Buntok – Anggota DPRD Barsel H. Raden Sudarto mengatakan, Dinas terkait diminta melakukan evaluasi menyeluruh terhadap program bantuan bibit ikan, itik, babi dan ternak jenis lainnya termasuk pakan, yang setiap tahun disalurkan kepada masyarakat.
Evaluasi tersebut dinilai penting untuk memastikan program bantuan benar-benar mampu menjadi stimulan dalam meningkatkan perekonomian masyarakat, bukan sekadar menjadi agenda pembagian bantuan secara rutin setiap tahun.
"Evaluasi harus melihat sejauh mana hasil dan manfaat bantuan yang telah diberikan kepada masyarakat penerima.
Kita harus melihat apa hasil dari program bantuan ini. Apakah benar menjadi modal awal untuk mengembangkan ekonomi masyarakat atau hanya sebatas dibagikan setiap tahun saja?” ujar H. Alex demikian H. Raden Sudarto akrab disapa, Rabu 9 September 2026 di gedung wakil rakyat.

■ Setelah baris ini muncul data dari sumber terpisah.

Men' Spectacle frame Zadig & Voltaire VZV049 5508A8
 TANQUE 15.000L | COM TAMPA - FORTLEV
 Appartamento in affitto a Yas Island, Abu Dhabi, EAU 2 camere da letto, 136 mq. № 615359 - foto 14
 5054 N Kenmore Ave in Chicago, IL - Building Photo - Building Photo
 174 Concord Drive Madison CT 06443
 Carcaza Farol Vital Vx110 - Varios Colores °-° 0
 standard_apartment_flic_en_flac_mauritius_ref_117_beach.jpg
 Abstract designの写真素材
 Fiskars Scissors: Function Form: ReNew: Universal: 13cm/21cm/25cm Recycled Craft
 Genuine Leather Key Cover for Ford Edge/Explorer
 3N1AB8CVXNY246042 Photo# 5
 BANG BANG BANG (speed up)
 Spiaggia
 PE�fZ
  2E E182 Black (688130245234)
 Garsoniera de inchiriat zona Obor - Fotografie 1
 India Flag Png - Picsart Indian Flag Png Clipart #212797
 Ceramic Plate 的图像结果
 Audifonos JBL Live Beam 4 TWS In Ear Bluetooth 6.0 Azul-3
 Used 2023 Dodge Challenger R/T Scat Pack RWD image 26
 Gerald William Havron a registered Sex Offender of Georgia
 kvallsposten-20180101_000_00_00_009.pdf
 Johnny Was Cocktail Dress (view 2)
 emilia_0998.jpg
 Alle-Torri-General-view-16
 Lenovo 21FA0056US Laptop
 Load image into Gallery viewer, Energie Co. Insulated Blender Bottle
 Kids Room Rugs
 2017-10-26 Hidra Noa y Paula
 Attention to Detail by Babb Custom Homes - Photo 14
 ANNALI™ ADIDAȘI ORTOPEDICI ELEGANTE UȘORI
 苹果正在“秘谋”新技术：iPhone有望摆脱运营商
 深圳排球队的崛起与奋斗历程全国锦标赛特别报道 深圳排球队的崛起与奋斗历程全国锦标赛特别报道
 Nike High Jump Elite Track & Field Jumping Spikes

Menurut politisi PDIP Barsel tersebut, sejumlah bantuan seperti bibit itik, ayam buras, babi, kambing, babi maupun pakan ikan semestinya dapat dikembangkan sehingga memberikan manfaat ekonomi secara berkelanjutan bagi masyarakat.
Karena itu, pemerintah perlu memastikan kondisi bantuan setelah disalurkan. Apakah masih dipelihara dan dikembangkan oleh penerima atau justru dijual kembali tanpa adanya pengembangan usaha yang berkelanjutan. Kalau ikan harus dijual kalau sudah besar, tapi ada kelanjutannya, harus menjadi modal kembali sebagai pengembangan ekonomi.
Ia menilai, pemberian bantuan tanpa disertai evaluasi berpotensi membuat masyarakat hanya bergantung pada program pemerintah setiap tahun, tanpa terjadi peningkatan kapasitas maupun kemandirian usaha.
“Kalau bantuan hanya habis dijual, kemudian tahun berikutnya meminta lagi, tentu tujuan program sebagai stimulan ekonomi tidak tercapai. Kalau tidak ada keberlanjutan, program itu percuma,” tegasnya.
Dia juga meminta evaluasi dilakukan secara menyeluruh, mulai dari proses pengadaan, kualitas bantuan, mekanisme penyaluran, ketepatan sasaran hingga perkembangan usaha masyarakat setelah menerima bantuan.
Menurutnya, keberhasilan program tidak semata-mata diukur dari jumlah bibit atau bantuan yang disalurkan, tetapi dari dampak nyata terhadap peningkatan pendapatan dan kemandirian ekonomi masyarakat.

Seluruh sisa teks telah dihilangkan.